No client is too small

Data analytics is being used by clients of all sizes, Skoog said.

Blue & Co. data analytics clients include a three-person holding company for a hospital, a five-person community foundation, a 10-person cabinet manufacturer, an agriculture co-op, and hospitals with more than 1,000 employees. The most common client is a small to medium-sized business in the $5 million to $50 million annual revenue range.

Strothman+Co., a Louisville-based CPA firm, is seeing growing demand for data analytics.

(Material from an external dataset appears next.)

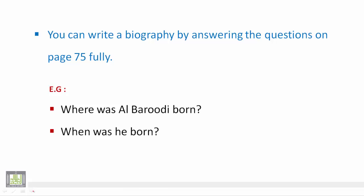When was he born? And what did he become? If you make questions like this and answer them about yourself, you can end up with a short biography.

“Companies that are innovative and forward-thinking are typically the early adopters, but once any client sees the benefit, they want it as soon as possible,” said Sarah Waskey, chief operating officer for Strothman.

The accounting firm has long provided business consulting and is in the process of building a data analytics division focused on services from Power BI and other data visualization software.

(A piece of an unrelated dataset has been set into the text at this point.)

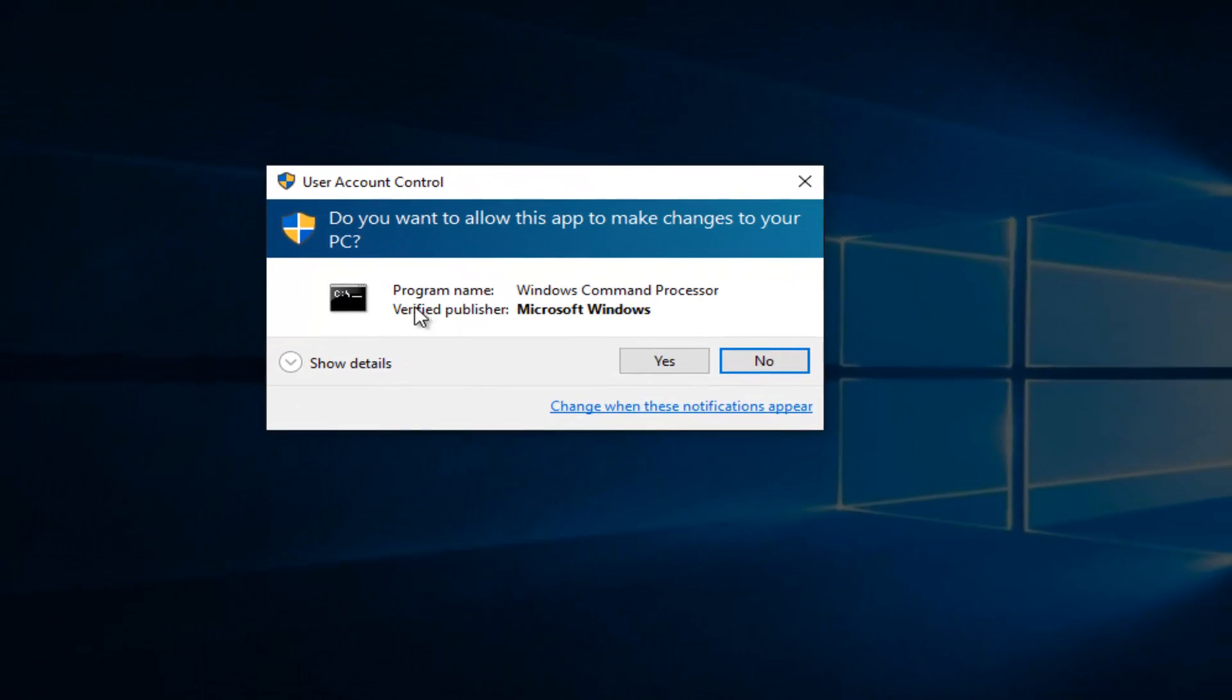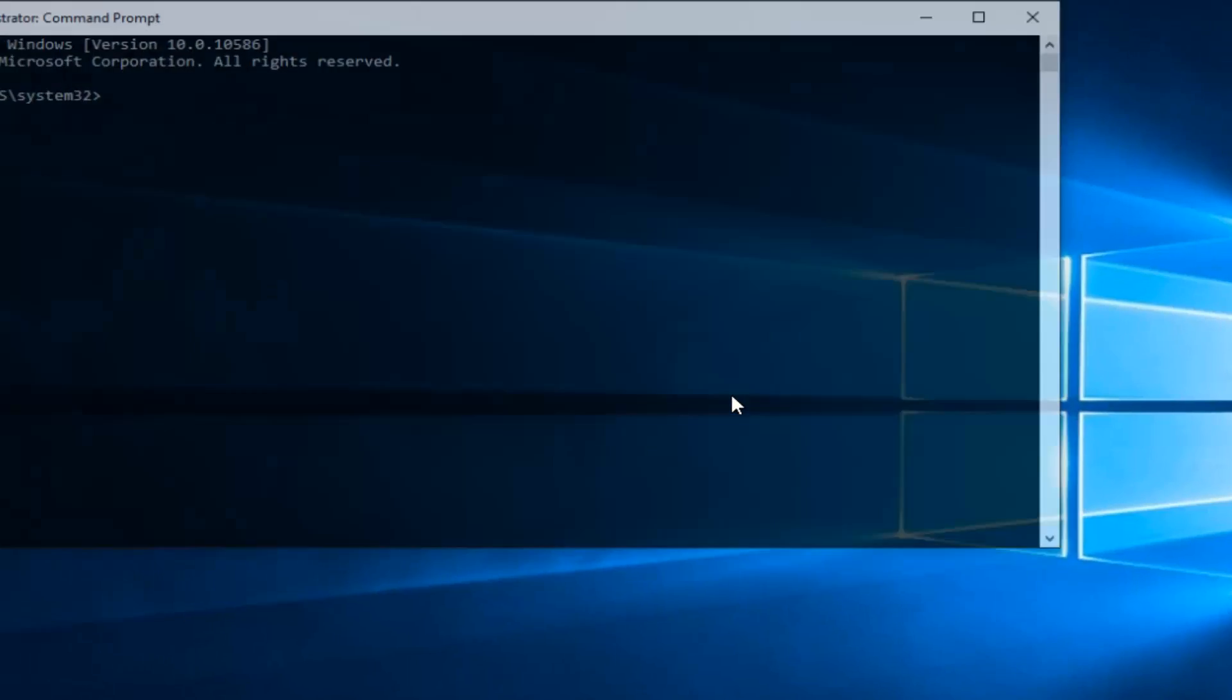Please know you have to be an administrator or have administrative privileges in order to proceed. So you want to left-click on Yes.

“Once a company can aggregate their existing data in a way that is easy to understand and measure, the sky is the limit on the ways they can improve operations and save money,” Waskey said. “Dashboards and real-time KPIs (key performance indicators) can identify issues and patterns in real time, instead of several months later, so the issue can be corrected.

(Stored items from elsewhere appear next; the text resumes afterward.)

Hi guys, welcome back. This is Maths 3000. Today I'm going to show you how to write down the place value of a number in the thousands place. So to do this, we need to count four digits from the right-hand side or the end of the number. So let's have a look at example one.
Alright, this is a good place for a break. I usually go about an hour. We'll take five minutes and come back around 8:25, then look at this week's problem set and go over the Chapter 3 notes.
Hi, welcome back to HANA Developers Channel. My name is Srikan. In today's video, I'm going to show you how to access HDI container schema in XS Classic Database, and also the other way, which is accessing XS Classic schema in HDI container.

“For example, identifying that you are paying invoices just after the discount period can be easily adjusted to pay them a few days earlier and save a lot with purchase discounts, or identify different locations or inventory items that are underperforming. Any type of company can benefit from the ability to access and measure data in real time.”

“The biggest benefit to clients using data analytics tools in their daily business is the ability to make business decisions using timely data,” said MCM’s Nett and Nadeem. “The analytics applications are built so that any user can quickly gain an understanding of their data to help them identify new opportunities but also detect areas of weakness within their business or anomalies indicative of fraud, misconduct or noncompliance.”

MCM offers a service called “Data Strategy” to assist clients in understanding where they currently stand on the data analytics adoption spectrum and provide guidance on what steps they need to take to move along the spectrum.

For Dean Dorton clients, time is an increasingly important commodity, Bundy said. Everyone has to manage where to focus their team’s energies in a business environment that continues to steadily change. Beyond the essential tasks, some of those limited hours in the day need to be spent in thinking how to adapt to change.

Tech advances are more ongoing and steady rather than a radical change, Bundy said. Since Dean Dorton is 100 years old, having been founded in 1921, it has many clients it has worked with for decades and observed the natural evolution of their operations. And that familiarity with clients is a benefit when offering advice on and implementing technical evolutions.

Cybersecurity remains a very hot category that continues to expand. For example, Blue & Co. helps its cabinet-maker client protect its automated internet-enabled manufacturing machines from being hacked. Internet-enabled construction equipment needs business cybersecurity services, too.

Skoog describes some of the technical side of accounting firms’ work with clients as being a managed information technology provider, but one that can explain potential gains from improvements in terms of business risk rather than only technical risk.

The business benefits of automating tech tools, Foley said, include less human error and more accurate data. “Many of the tools we implement utilize artificial intelligence that continues to improve their function as time progresses,” she said.

Digital tools do not require sick days or time off for child care and other outside intrusions on workers’ time that the COVID-19 pandemic has created for the past two years. Time gains—or rather the lack of lost time—might be the top value gain from data analytics tools.

“All business owners struggle with having enough time to do all the things to keep their business on track for success,” Foley said. “Often, that time commitment can impede on personal time with family and friends. Automation gives you time back and allows for improved work/life balance.”